Where adapters live¶
Adapters aren't yet exposed through a stable public plugin API — built-ins live in src/agenttape/adapters/ and are registered in adapters/__init__.py. To add one, drop a module there, subclass Adapter, and register() it. The registry installs every available adapter per session.
Contribute it upstream
Wrote an adapter for Anthropic, Gemini, LangChain, or LlamaIndex? Open a pull request. Official adapters are maintained against SDK changes so the whole community benefits.
FAQ¶
Adapter vs @agenttape.tool — which should I write?
Use @tool for app-level functions you own. Write an adapter when you want to intercept a library transparently for all its users, or to capture SDK-specific semantics. If the SDK uses httpx/requests, the fallback may already cover you with no work.
How do I avoid double-recording when my SDK uses httpx underneath?

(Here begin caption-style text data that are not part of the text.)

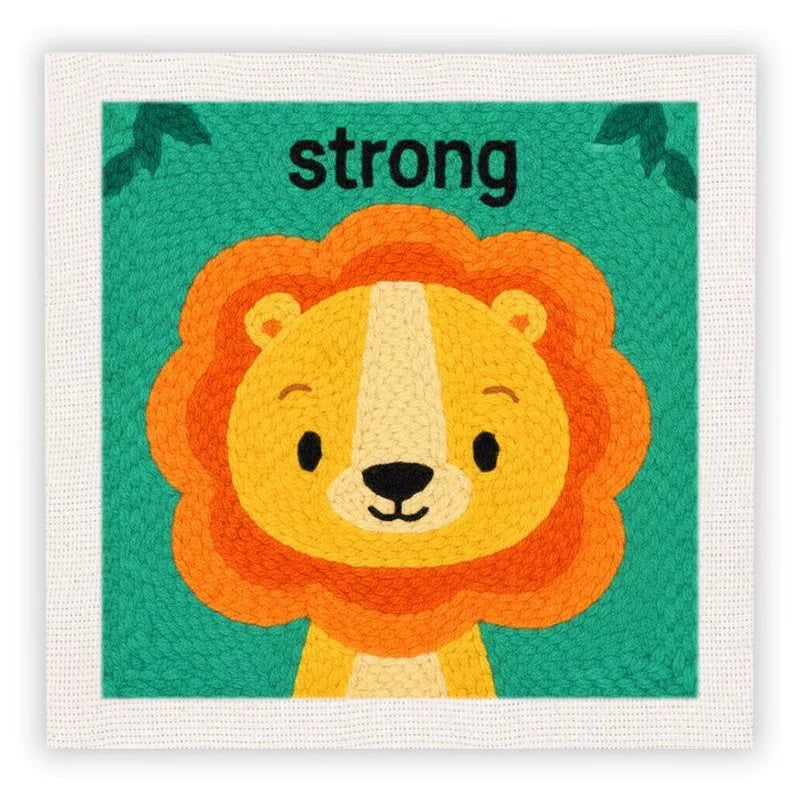 Strong Little Lion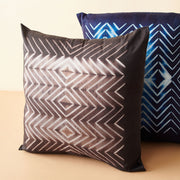 Naami Handcrafted Shibori Print Mulberry Silk Pillow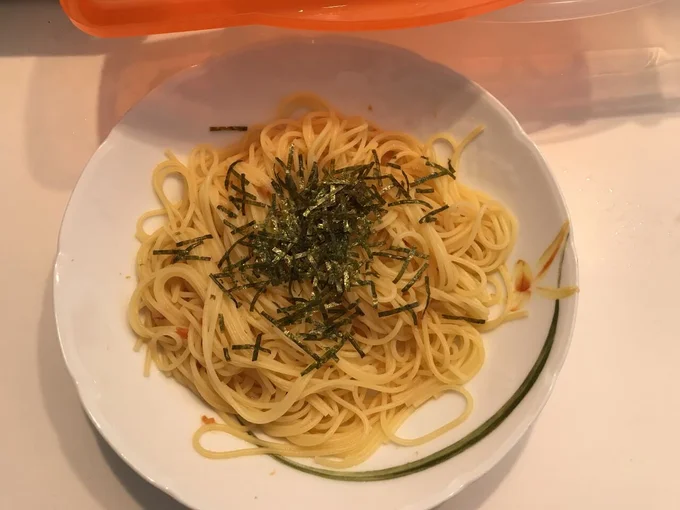 セリア電子レンジ調理器パスタ画像3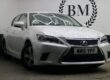 2015 Lexus CT 1.8 CT 200H S CVT 5dr Hatchback Hybrid Automatic Image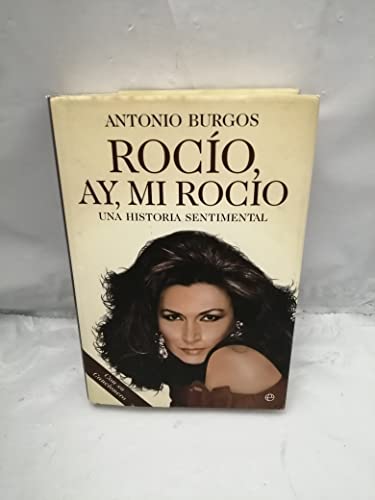 Portada del libro de Rocío, ay, mi Rocío
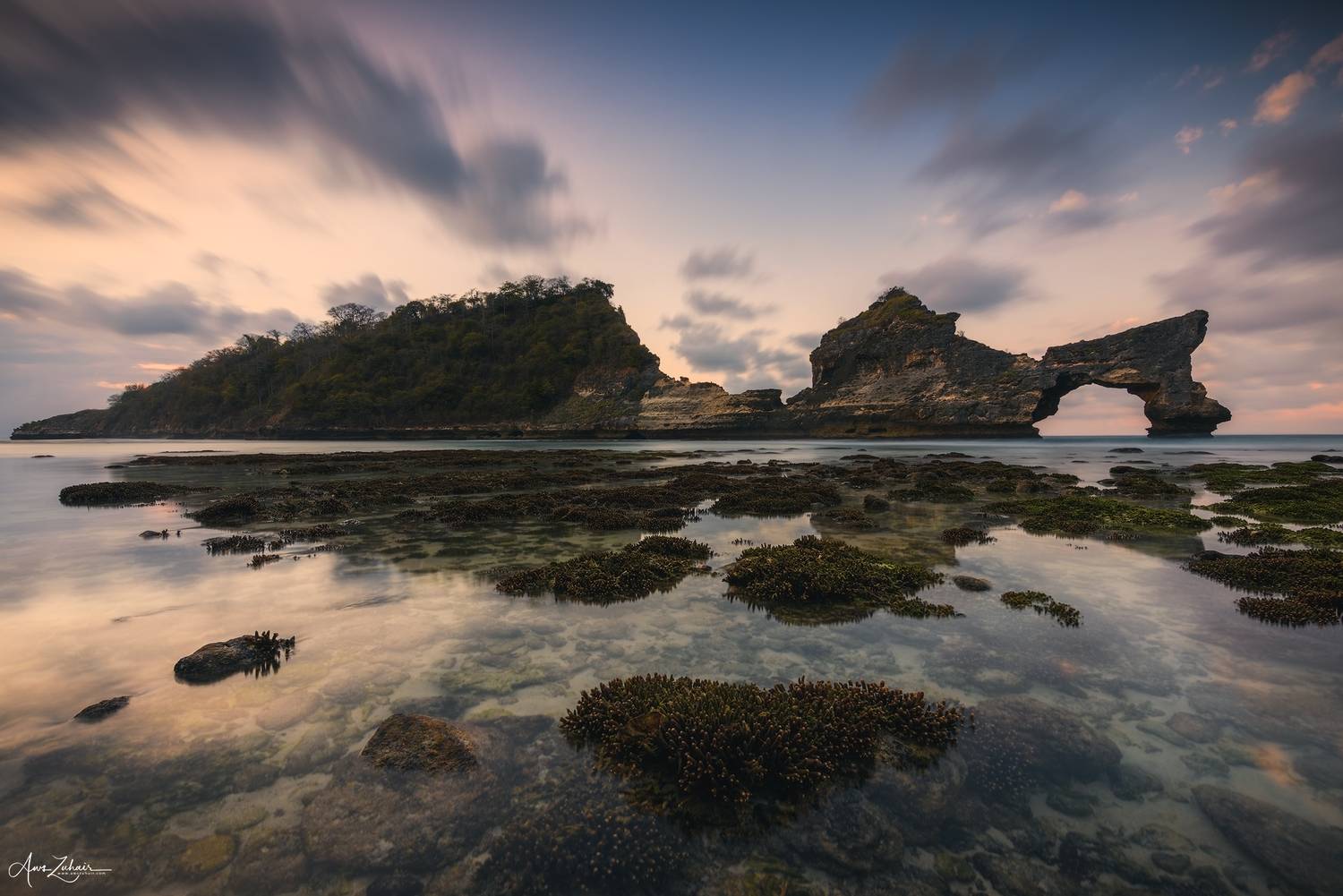 nusa penida, bali, indonesia, travel, landscape, seascape, sunrise, photography, Aws Zuhair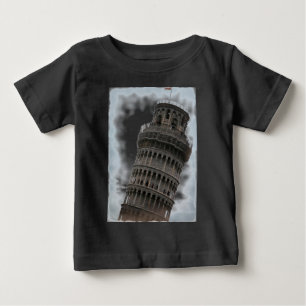 T-shirt Pour Bébé Tour de Pise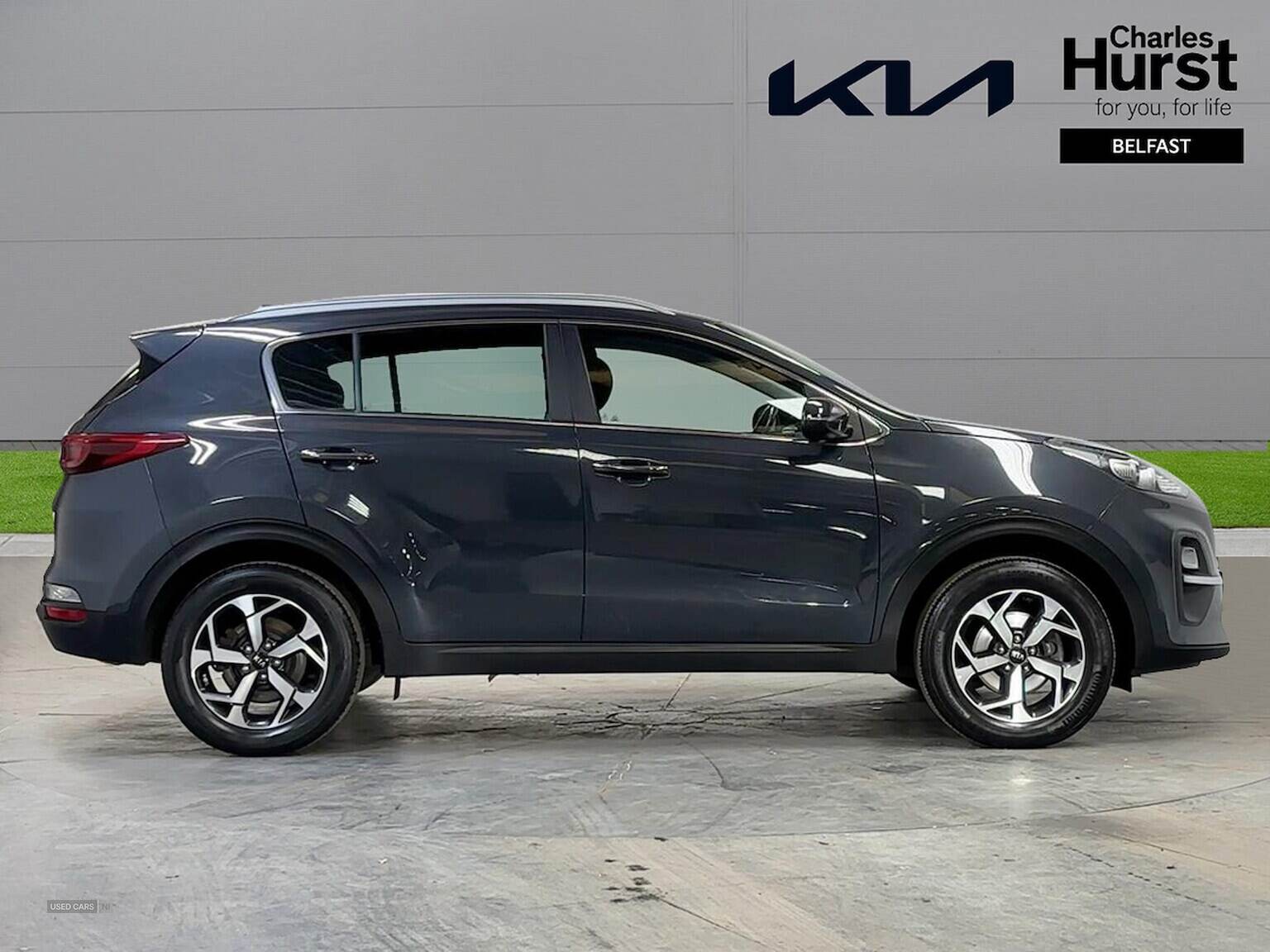 Aug 2021 Kia Sportage 1.6 Gdi Isg 2 5Dr
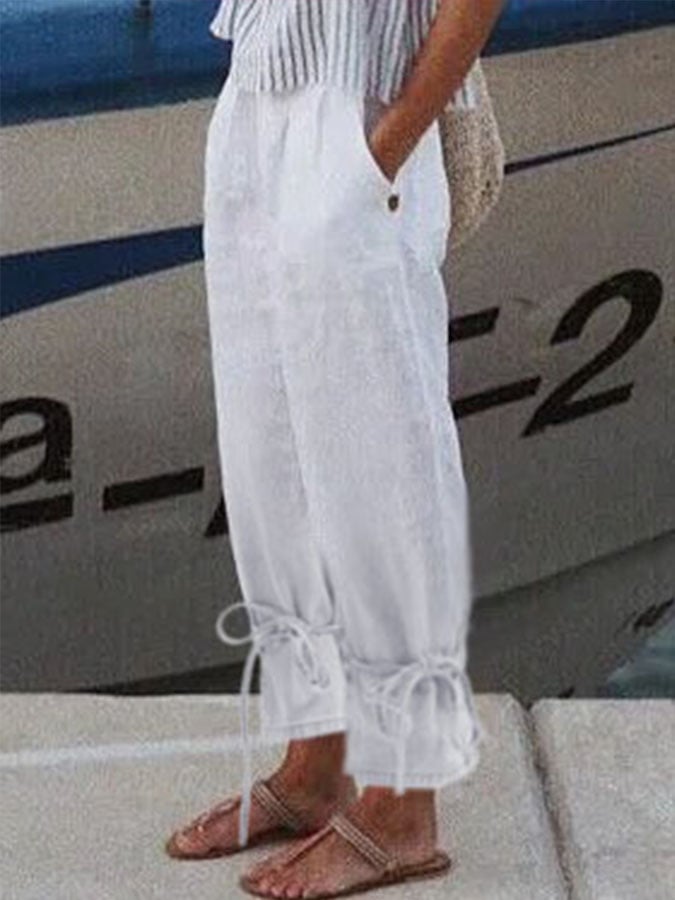 Timeless Vintage Style Pants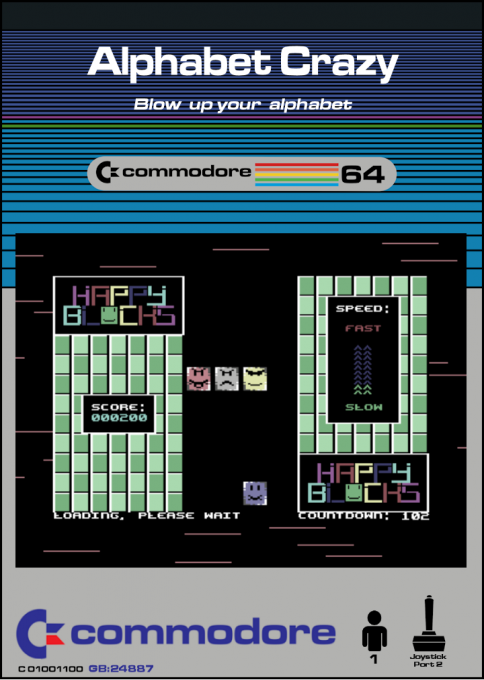 Alphabet Crazy box art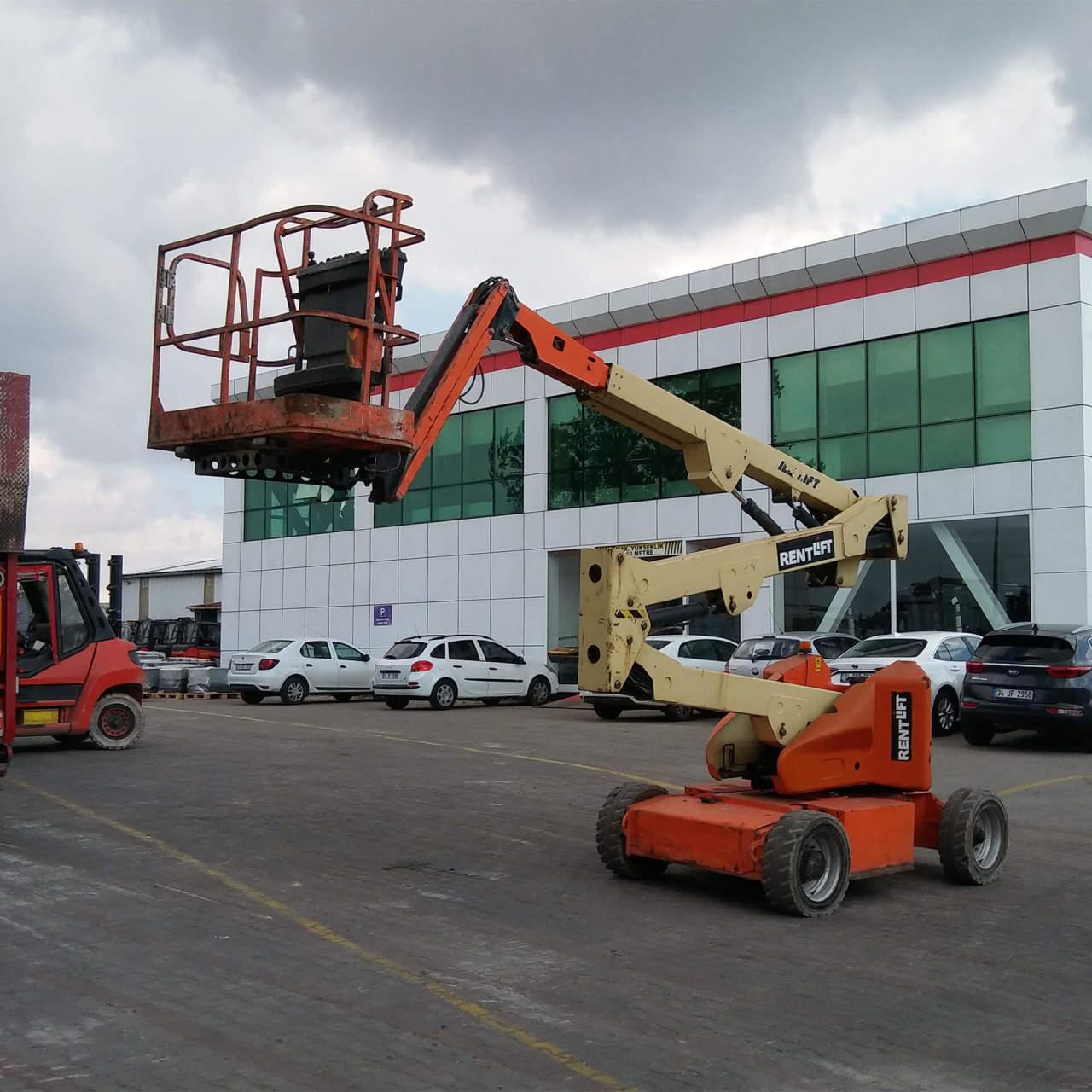 2015 Model JLG E450AJ  Eklemli Platform (J1.4527) 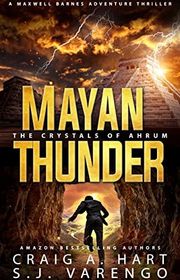 Book cover for "Mayan Thunder"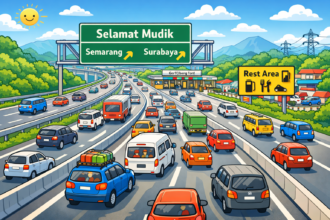 nudik aman, mudik lancar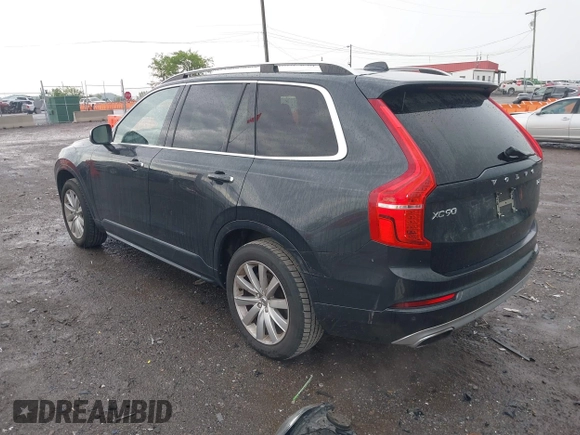 2016 Volvo XC90 T6 Momentum with VIN YV4A22PK7G1074115, listed as a IAAI auction lot 42083321 with 150,135 mi miles. Bid and sale history available at carsss.com. Image 3.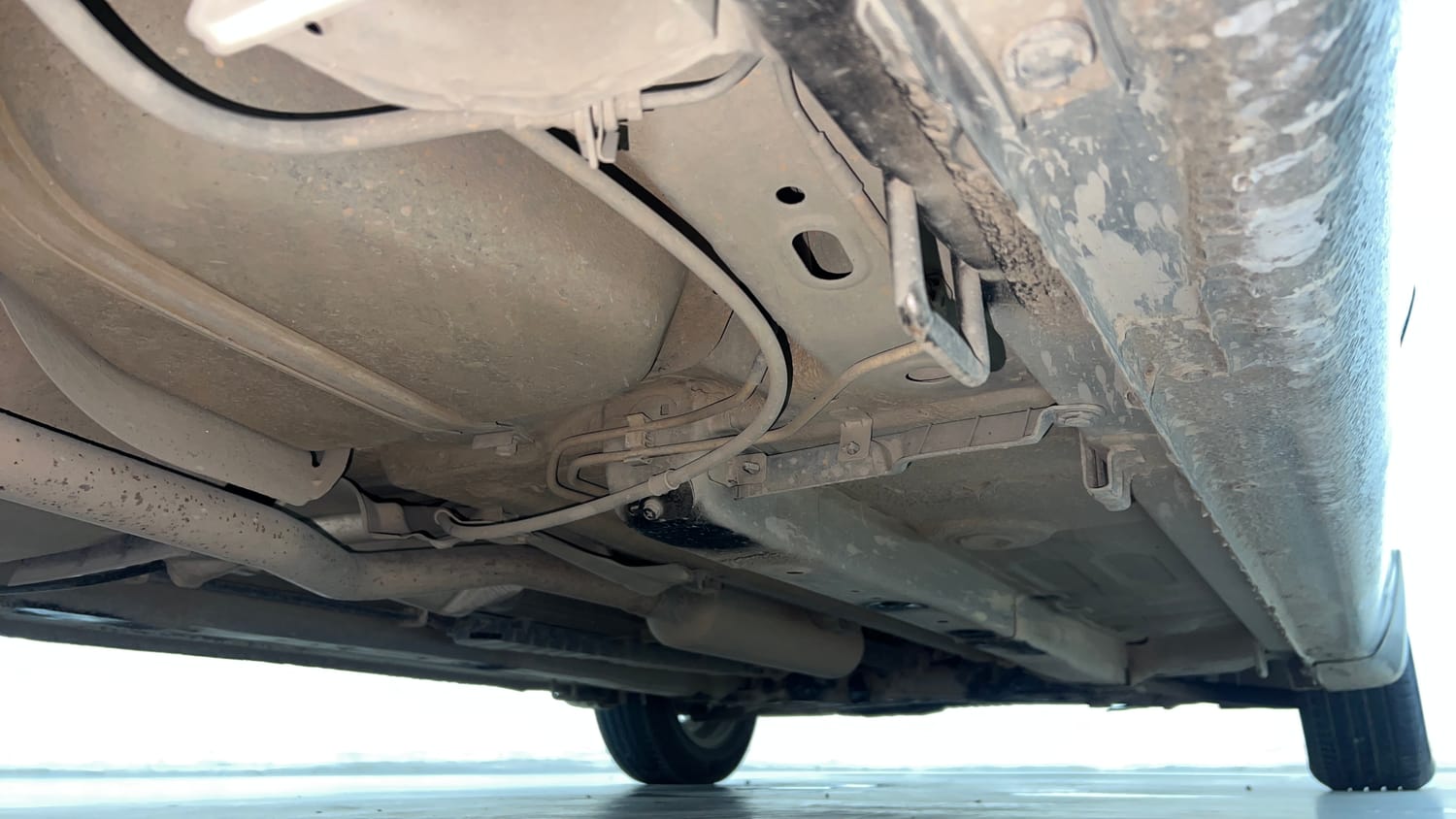 Used 2019 Maruti Suzuki Ciaz Delta Hybrid 1.5 Petrol Manual extra REAR RIGHT UNDERBODY VIEW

The engine's re-entrancy guard handles it: while your adapter's executor runs, the nested httpx call passes through instead of being recorded again. The outermost boundary wins.
Summary¶
- An adapter subclasses
Adapter(available/install/uninstall) and isregister()ed. - Inside the patch, check
active_session()and route throughsession.engine.intercept(...). - The real work is serialization: SDK object → JSON dict for the engine, and back on replay.
- Use
RefCountedPatch, drop volatile kwargs, and patch sync + async.